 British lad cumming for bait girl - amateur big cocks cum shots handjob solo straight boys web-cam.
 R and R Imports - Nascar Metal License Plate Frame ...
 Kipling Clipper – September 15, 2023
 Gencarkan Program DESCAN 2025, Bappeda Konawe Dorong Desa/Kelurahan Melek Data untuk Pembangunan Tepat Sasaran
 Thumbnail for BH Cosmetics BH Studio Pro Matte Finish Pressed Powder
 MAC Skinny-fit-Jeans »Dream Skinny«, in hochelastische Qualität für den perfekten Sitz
# # # # # # #
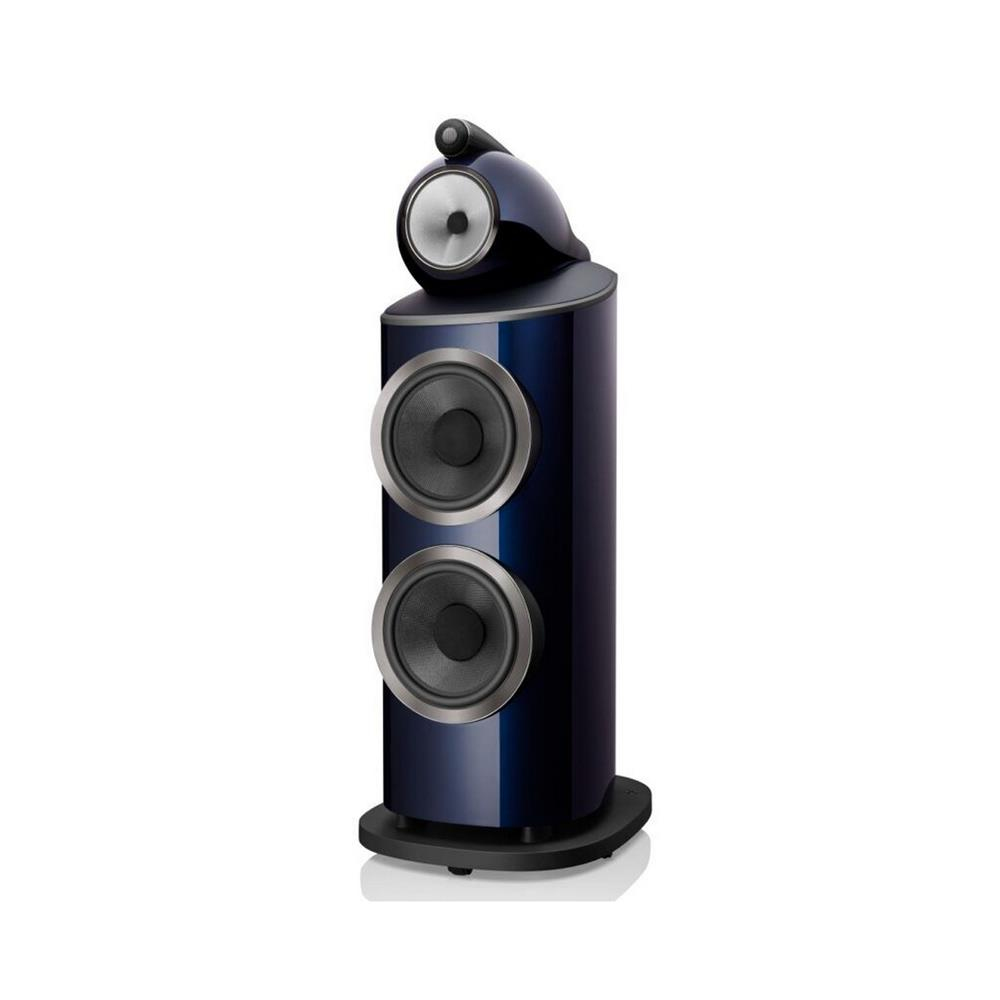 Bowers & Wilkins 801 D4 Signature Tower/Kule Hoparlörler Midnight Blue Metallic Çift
# # # # # # #
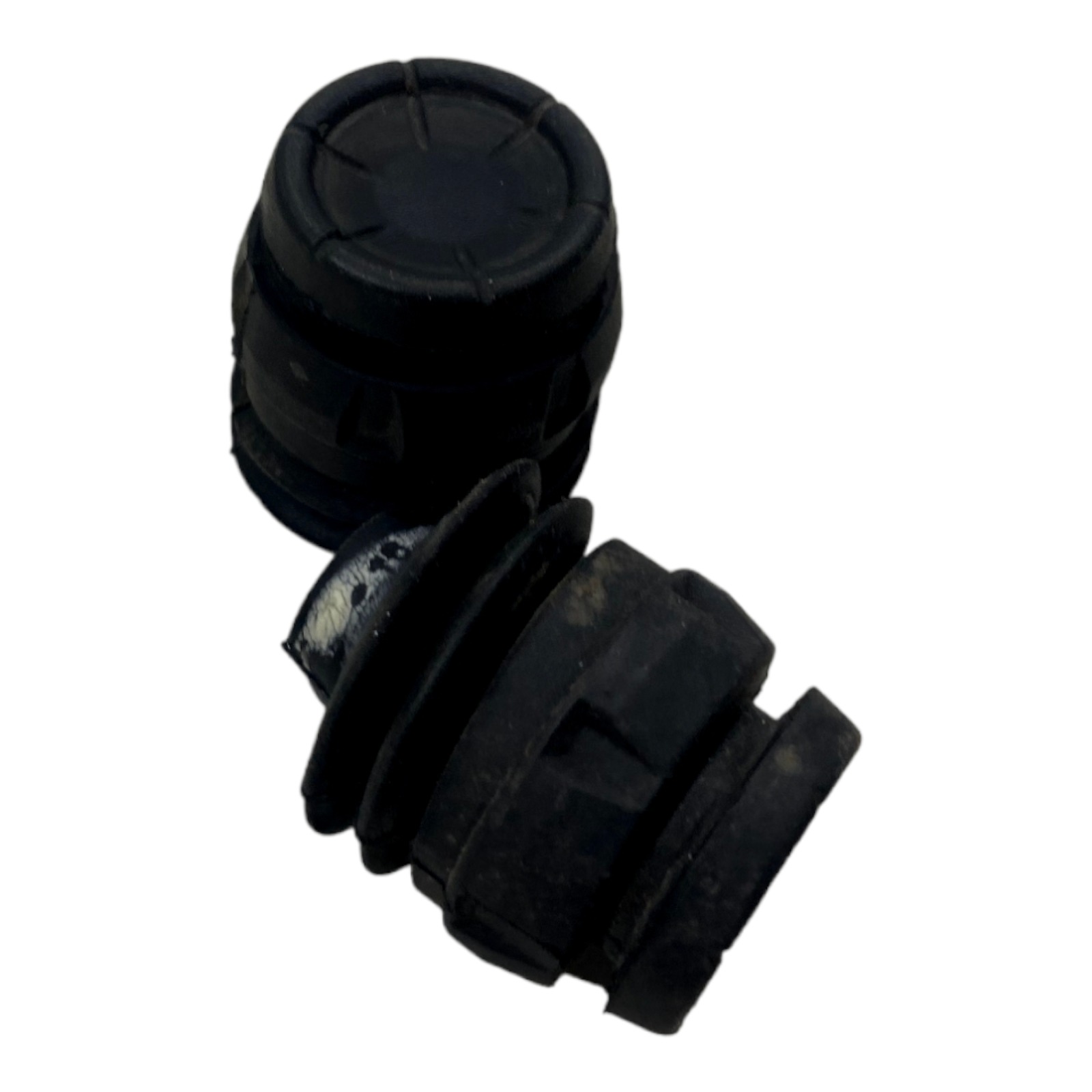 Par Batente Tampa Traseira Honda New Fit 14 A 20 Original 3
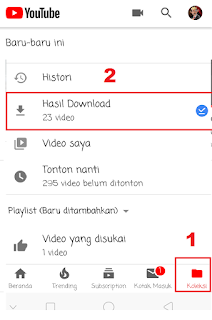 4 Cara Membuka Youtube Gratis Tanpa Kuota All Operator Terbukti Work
# # # # # # #
WHAT YOU WILL DO
Starting at the line that contains "R and R Imports" and stopping after the line that contains "den perfekten Sitz", write out every line exactly as it appears above, and no other line.

ANSWER TO THIS TASK
 R and R Imports - Nascar Metal License Plate Frame ...
 Kipling Clipper – September 15, 2023
 Gencarkan Program DESCAN 2025, Bappeda Konawe Dorong Desa/Kelurahan Melek Data untuk Pembangunan Tepat Sasaran
 Thumbnail for BH Cosmetics BH Studio Pro Matte Finish Pressed Powder
 MAC Skinny-fit-Jeans »Dream Skinny«, in hochelastische Qualität für den perfekten Sitz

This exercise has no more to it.